ORGANIZE is a unifying concept to the work of archivists and any information professional, regardless of materials or systems utilized to do so. We anticipated, and are pleased to see come to fruition, an expansive interpretation of what it means to ORGANIZE amongst the articles published in this issue.
The varying interpretations of ORGANIZE have proven to be more permeable than we may have initially realized. While it is necessary to acknowledge and critique traditional classification and organizational systems that reinforce existing power structures, for many of us what is inspiring and at the heart of our work is how we might potentially forge, preserve, and strengthen connections through the systems, standards, and profession we work within, even as we fight to break down oppresive structures.
Dorothy Berry’s account of her work for Umbra Search African American History asserts that through digital collections and database organization it can be possible to bring to the fore voices that are not silent in the archives, but hidden.
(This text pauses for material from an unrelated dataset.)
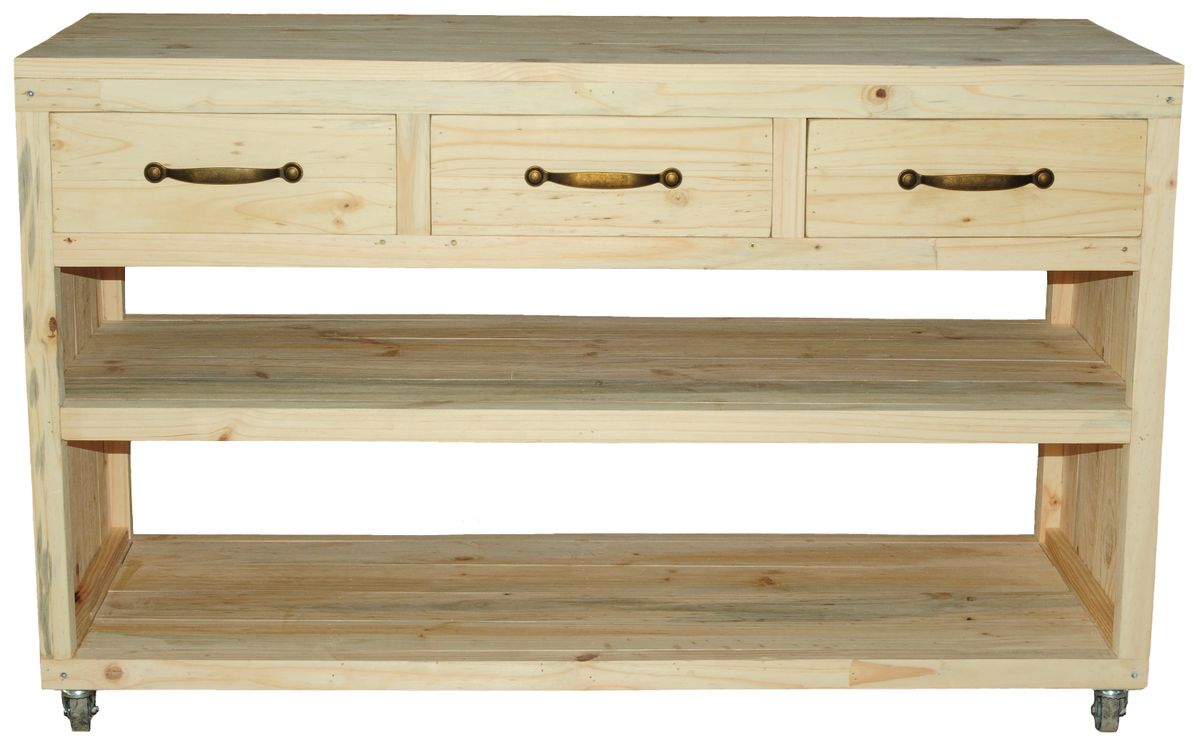 Rustic TV Stand/Console made from solid wood Three Drawers, Two Shelves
Connecting existing archival materials on Black life, rather than leaving them sequestered and scattered amidst collections of those whose historical privilege aligned with the archival institution’s, is a means to simultaneously utilize traditional archival skillsets whilst subverting the legacy upon which the profession is built.
The Redstockings Women’s Liberation Archive for Action demonstrates the power of representation in archives to affect future change. Yet another instance where organization of information allows activists to organize in formation against patriarchy. And of course, organizing in formation often takes the form of unionization. Erin Hurley asks what unionization might look like in an era where anti-union efforts might be as blatant as locking out your faculty, including librarians and archivists, or as insidious as a professional culture of limited term and part-time project positions.
We also hear from our archivist colleagues in Los Angeles highlighting collections about union organizations on the silver screen and in the sky, and about the labor involved in organizing archival collections and exhibitions.
For all the breadth of topics falling under the theme of ORGANIZE, this is an issue about connections among people.
Christine Hertzel interviewed and profiles archivist groups similar to LAAC, and Grace Danico had the pleasure of speaking with Obama archivist, Steven Booth. The archivist charged with the legacy of a community organizer turned president states that the greatest reward of the archival profession is relationships built with other archivists. We couldn’t agree more.